Network Engineering Asked by Gngogh on September 30, 2021
I am facing a situation where on the core network I have around 15k MAC addresses, and on the edge switches (Access Layer), I am finding switches with 27k MAC addresses. Access switches are configured to allow one MAC address per interface, and if there is VoIP, two MAC addresses per interface.
Since this is a layer 2 network, I don’t understand why I have more MAC addresses on the Access switches. I was able to find out
that some MAC addresses are on two VLANs at the same time, mainly MAC addresses that belong to VoIP phones, but so far I’m unable to find why this is happening.
Has anyone experienced a similar situation? If so, what was the reason or causes of such situation?
First of all, you shouldn't have so big broadcast domains to have even 15k MAC addresses on access switches. Either separate them by VLANs (with connectivity at L3, with routing), or at least with any kind of traffic segmentation (if the endpoints don't have to communicate with each other).
The problem itself looks like VLAN misconfiguration (or device malfunction) - I guess you don't attach VoIP phones to 802.1q tagged interfaces, but plug them into untagged ports. There are switches that allow to set multiple untagged VLANs on a single port, with the traffic being passed into PVID of that port ...but learning MACs and passing incoming broadcast frames. There are switches that won't allow to disable default VLAN (VID=1) despite using other PVID on the port.
The second cause happening in the wild is a single device malfunction or misconfiguration, effectively "bouncing" (usually broadcast) frames into another VLAN that is available to that device. This happens even without asymetric VLAN configurations and is not a big surprise when it happens on low-cost SOHO devices. Smaller broadcast domains make it easier to pinpoint such misbehaving device, by looking if the specific MAC address doesn't ocasionally pop up on a wrong port of a switch.
The only question you need to ask yourself is - what is the path of the VoIP phone to a different VLAN? How is it leaking? Very easy to check on a one-switch one-phone testbed.

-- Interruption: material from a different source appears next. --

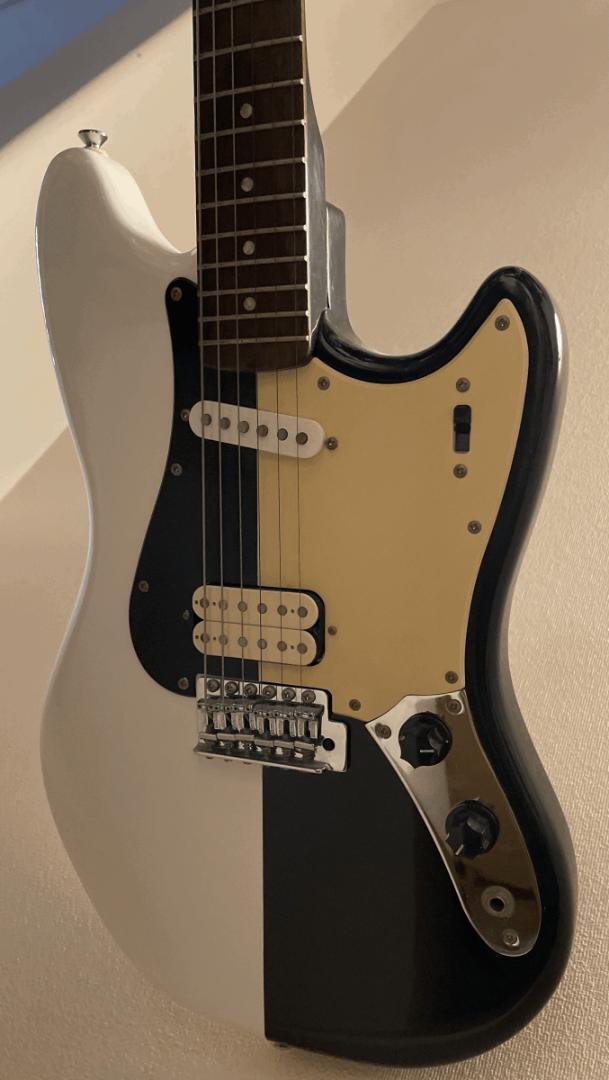Yahoo!オークション -「squier cyclone」(本体) (エレキギター Yahoo!オークション -「squier cyclone」(本体) (エレキギター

Answered by Tomasz Pala on September 30, 2021
VoIP phones are actually switches, too, if they allow you to connect a PC. Limiting a switch interface to two MAC addresses when using a VoIP phone can be problematic because some VoIP phones use more than one MAC address for themselves (one for the phone itself, and one or two for the switch interfaces), then you have a MAC address for the PC connected to the phone, so it could use three or more MAC addresses on the switch interface.
As a switch, the phone negotiates a trunk to the switch to which it is connected, and a VoIP phone MAC address could appear on more than one VLAN.